In passing, that does give food for thought about the perennial topic of recruitment (and, as important, retention). The military, and police and private security, are fishing for recruits from the same pool – and young people have many options. Did the instructor really have to treat a potential recruit like that?!

But to return to Jim’s book: a long appendix in the book is about his service – in the UK, the Falklands, Northern Ireland; and then in the UK’s overseas wars of the 2000s, in Basra and Camp Bastion among other places. Of particular interest and evidence of how well the military can ‘do’ security is his story of being tasked with securing flights of Afghan pilgrims from Kabul to Mecca in 2002 – that is, months after the 9-11 suicide hijackings made the world jittery about terrorism in general and aviation security in particular.

Jim remarks as many others who have left the military for a second career in ‘civvy street’, that it’s hard or outright impossible to get businesses to give credit for what military leavers have and can offer, whether in terms of doing security or as employees in general. As Jim describes his years in the RAF, it’s striking how he was able – having been taken on as a school-leaver – both to develop himself as a man and to get training in the most diverse fields, from counter intelligence and close protection to computer security (as it was called in those days). Besides the basics such as first aid. As another aside, as the UK military keeps getting whittled down in numbers, you have to wonder if it will keep being able to maintain all its specialisms – and what that will mean for UK private security and other industry sectors that – in an unacknowledged way – benefits from military leavers, often ready trained, or well trained, or trained in ways that just need adapting to civilian industry.

More to the point, as Jim says, what he and military people generally learn is ‘something that is extremely difficult to convey across to prospective employers in a two-page resume/curriculum vitae (CV)’. As an aside, the same goes for the police, and how to map competence and qualifications against jobs is a big task, for any field of work – last year the UK government security profession document was a considerable achievement and one to emulate.

There is an onus on the individual to transfer skills, and to show it – as Jim has done, gaining a distance learning MSc in security management from Loughborough; and among his qualifications on the cyber side, the ISACA Certified Information Security Manager (CISM); and he’s a PCI-DSS assessor.

Having said that there’s two books in one, in fact there are many – for the author covers so much ground; chapters on compliance, strategy, cyber security for the ‘digital business’, information systems, physical security, the securing of industrial processes, the supply chain, and resilience. While he is not the only author to give equal notice to protecting the real and online worlds, it is still far from common for security people to have such an all-round grasp, of the need for the ‘human firewall’ besides physical gates and bollards.

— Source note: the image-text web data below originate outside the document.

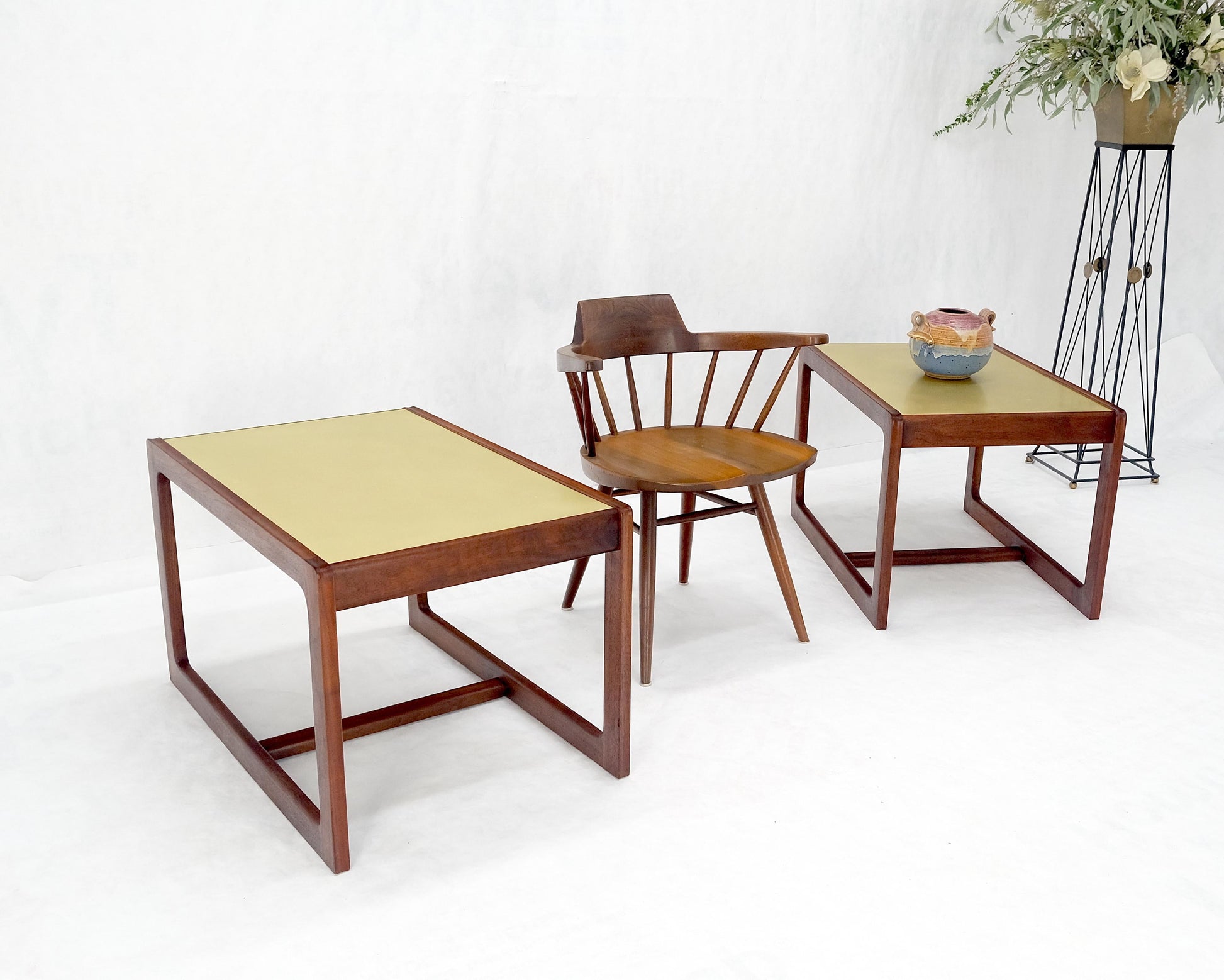 EstablishedLines Pair of Mid Century Modern Solid Oil Walnut c1970s Brass Tops Side End Tables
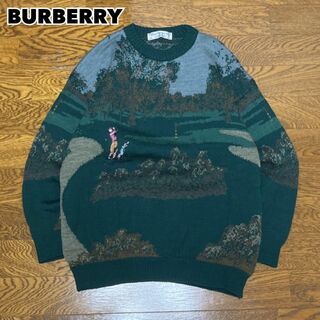 BURBERRY - 90s 英国製 BURBERRY バーバリー セーター ニット ゴルフ 総柄
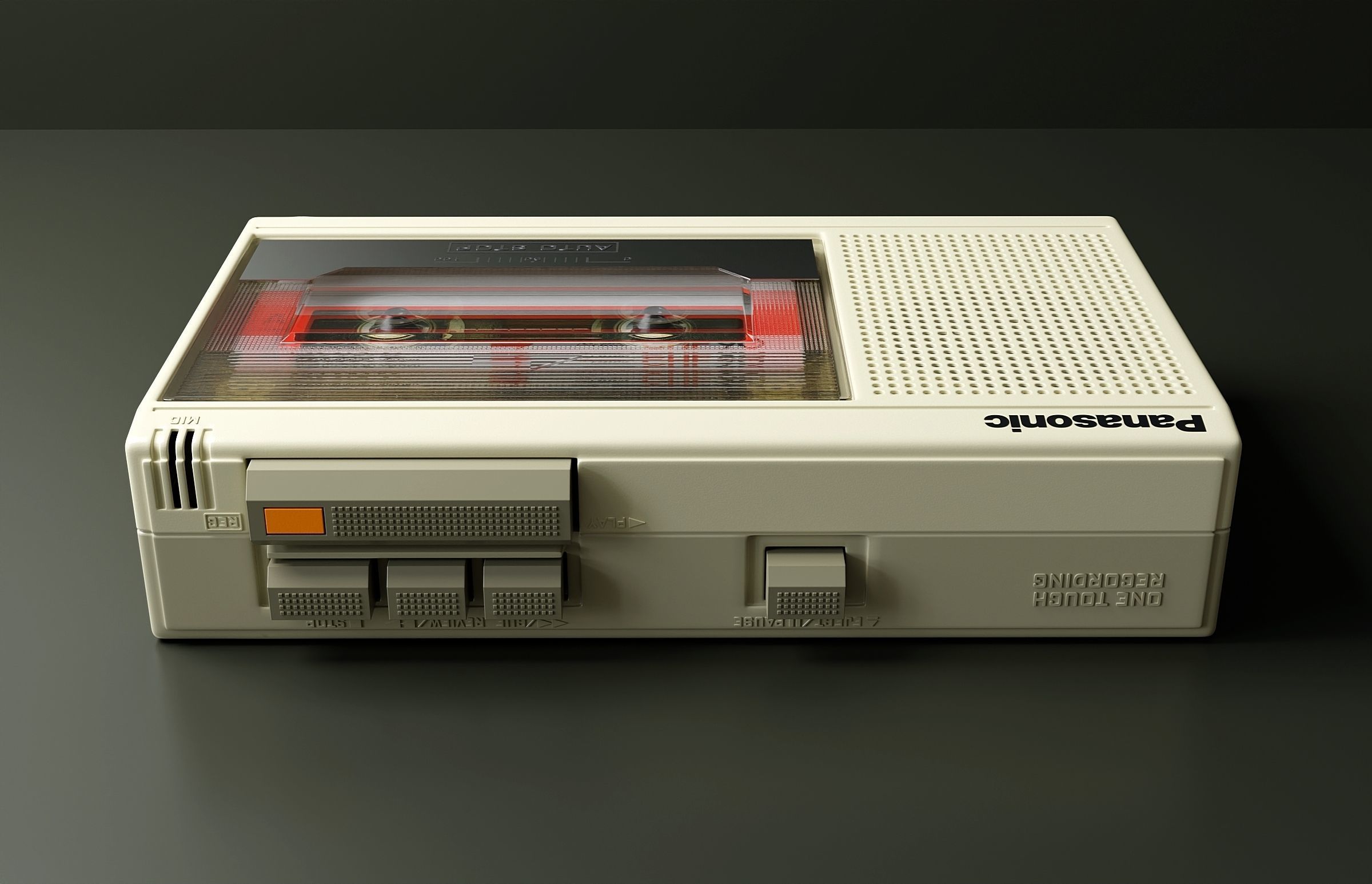 Vintage cassette player Panasonic 3D model_4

To sum up then, besides a detailed mapping out of how to do protective security, the book amounts to a case for military leavers such as the author to be given credit for what they know and how they can apply it (last year Jim brought out a book on the payment card industry security standard PCI-DSS). Besides the shift work of access control and patrols, it’s about switching from routine to a high tempo without notice; about being practical and able to use equipment; working in extremes of temperature and whatever the weather; and having a sense of humour. Why would you not want to draw on such people?

Other military leavers – and police too – will find Jim’s words a welcome restatement, while non-military readers can see where Jim is coming from, and learn.